Exercise brief: Using the data below, output a verbatim copy of the lines between the one holding "Used 2014 Hyundai Veloster Turbo image 13" and the one holding "Building Photo - Weaverville Rental", inclusive, without any pictures.

Data to process:

————————

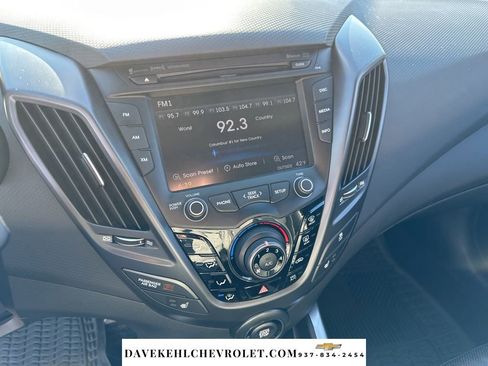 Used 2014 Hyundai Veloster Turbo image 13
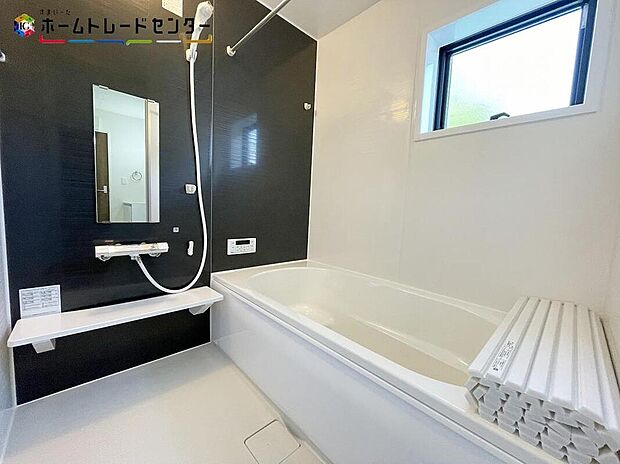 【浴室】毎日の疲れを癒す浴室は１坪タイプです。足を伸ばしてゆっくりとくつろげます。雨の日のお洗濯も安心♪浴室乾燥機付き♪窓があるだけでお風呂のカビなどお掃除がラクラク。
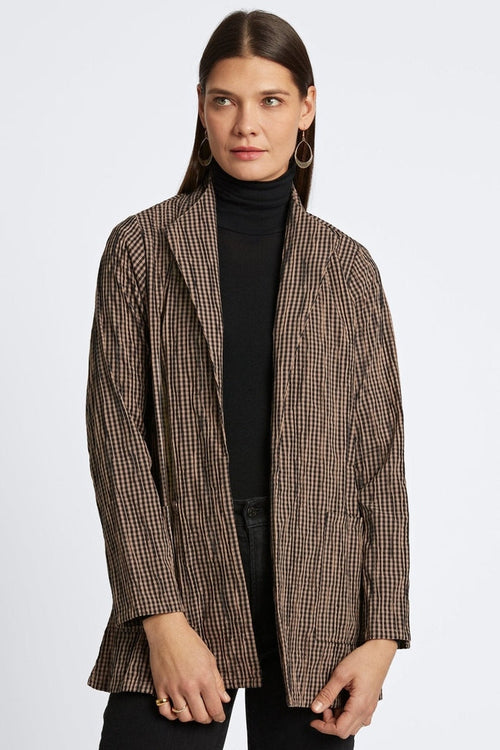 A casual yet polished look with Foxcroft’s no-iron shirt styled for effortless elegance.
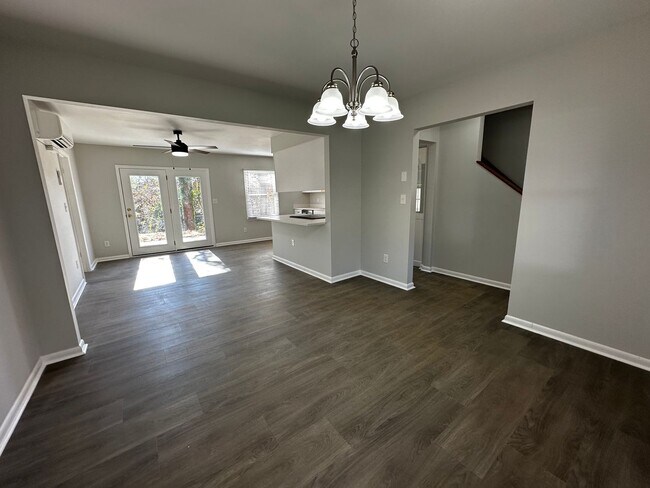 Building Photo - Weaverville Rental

————————

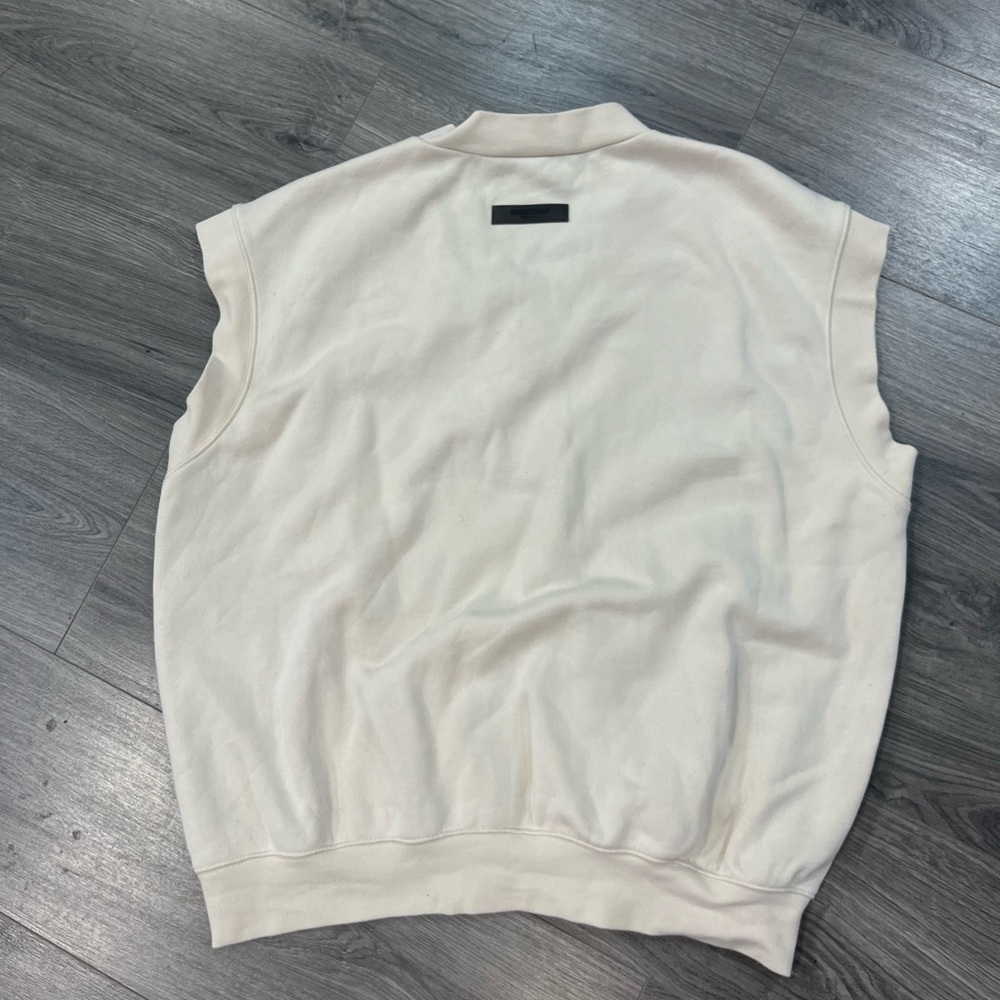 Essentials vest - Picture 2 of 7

————————

Exercise solution:
 Used 2014 Hyundai Veloster Turbo image 13
 【浴室】毎日の疲れを癒す浴室は１坪タイプです。足を伸ばしてゆっくりとくつろげます。雨の日のお洗濯も安心♪浴室乾燥機付き♪窓があるだけでお風呂のカビなどお掃除がラクラク。
 A casual yet polished look with Foxcroft’s no-iron shirt styled for effortless elegance.
 Building Photo - Weaverville Rental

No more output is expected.